Francine’s nose is red. Little ringlets of hair lie plastered to her forehead. He touches the rim of his Coke cup to hers, and they both smile. “Maybe bowling would be fun, too,” she says. “I give you credit for coming up with a very good idea.”

“Need me to fix your skate laces?” he says, nodding his head toward one of the tables.

She swats his shoulder. “The place you got the panties,” she says. “Did the girl really blush when you put them into your pocket? How could you do such a thing?”

When she goes to the bathroom, he pretends he is going to follow her in. A teenage girl looks over her shoulder at him. He tells Francine about that, too, when she comes out.

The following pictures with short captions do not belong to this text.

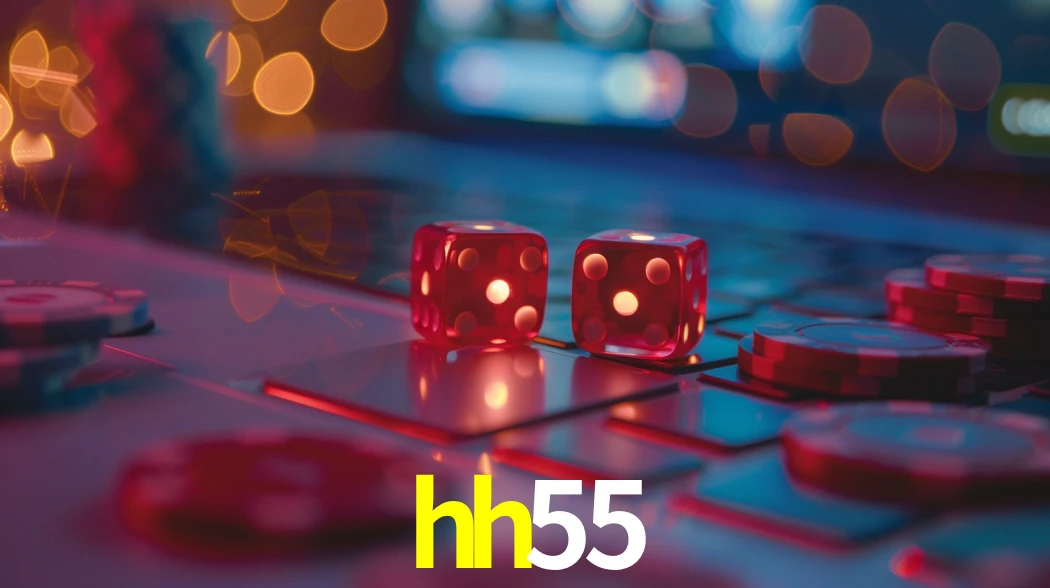 Quick Registration hh55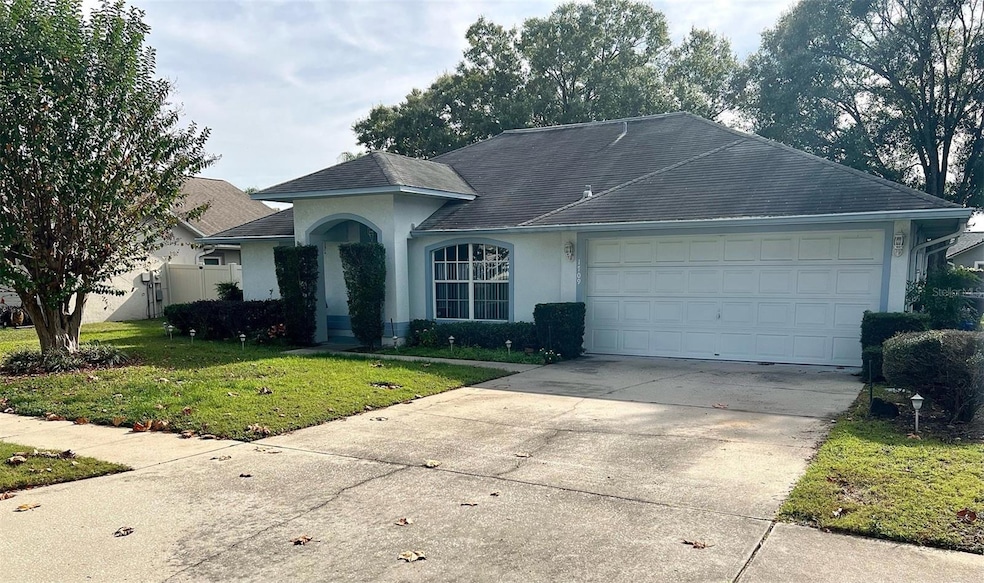 Sold $320,000 • Co-Listing Agent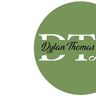 DTK joinery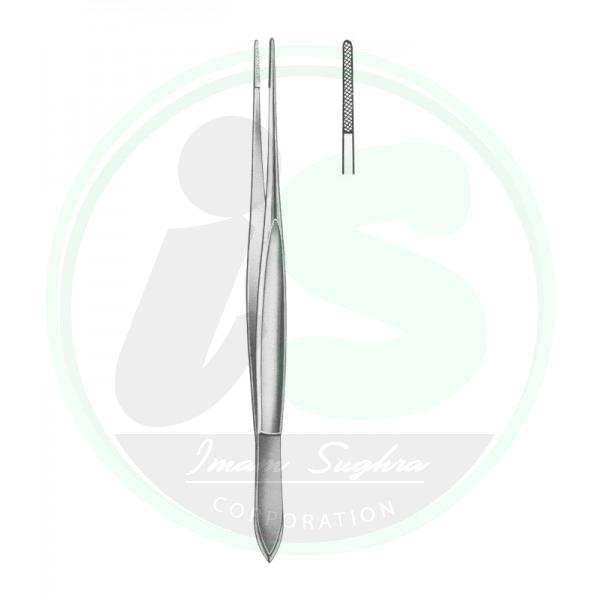 DENTAL-TWEEZERS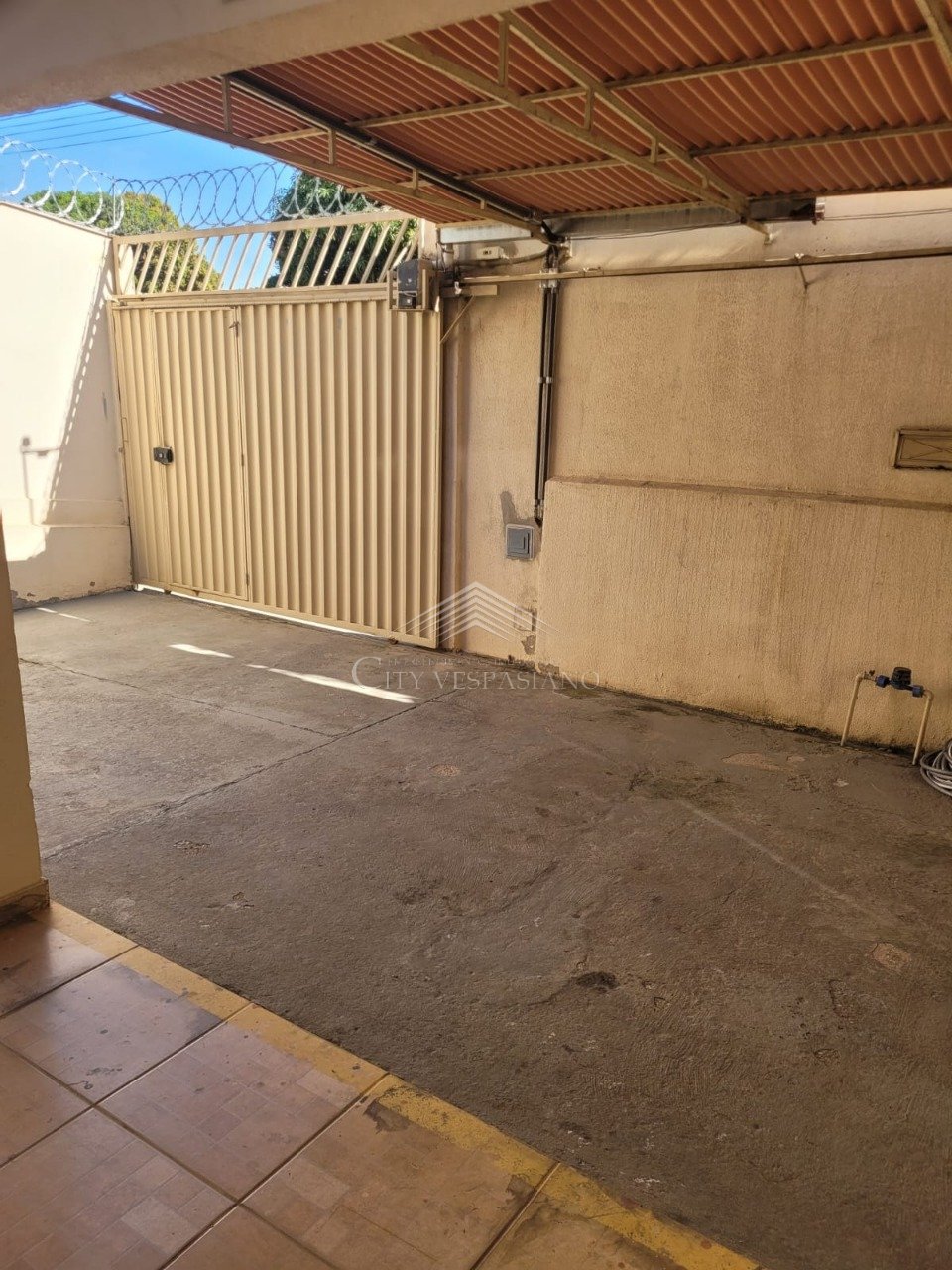 Apartamento - 2 quartos - Serra Dourada, Vespasiano - código 1401 - foto 2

“I remembered my old high school trick of putting my tube of lipstick in my brassiere,” she says, smacking her brightly painted red lips together. “It all comes back to me.”

“Let me see where it is,” he says, touching his fingertips to her breast and moving closer.

“Stop!” she says. “People will look!”

“I can still scandalize you,” he says. “That’s wonderful.”

“I can still kiss lipstick on your cheek and make both of us look foolish,” she says. “Better watch out.”

Again, they glide onto the ice. The music sounds like music from a carousel. She gives him a little hug before they start to gain speed. As they circle the rink, they begin to say which person they’re passing resembles which animal. The old man with white hair they saw before looks, in profile, exactly like a camel.

“That one’s Melanie Griffith!” Francine says, a little too loudly, as they whiz past.

“Melanie Griffith’s not an animal,” he says.

“I don’t care!” she says. “She does look just like Melanie Griffith.”

“She does look just like Melanie Grifith,” he echoes.

“She does,” Francine says.

“She does,” he says.

She bends forward as he lightly squeezes her ribs.

“I want to come skating all the time,” he says. “Agree, or I’ll never let go of you.”

“Who are you fooling? You know a good thing when you see it. You were never about to let me go. Kissing on the first date!”

“You provoked me.”

Fucking on the first date,” she says.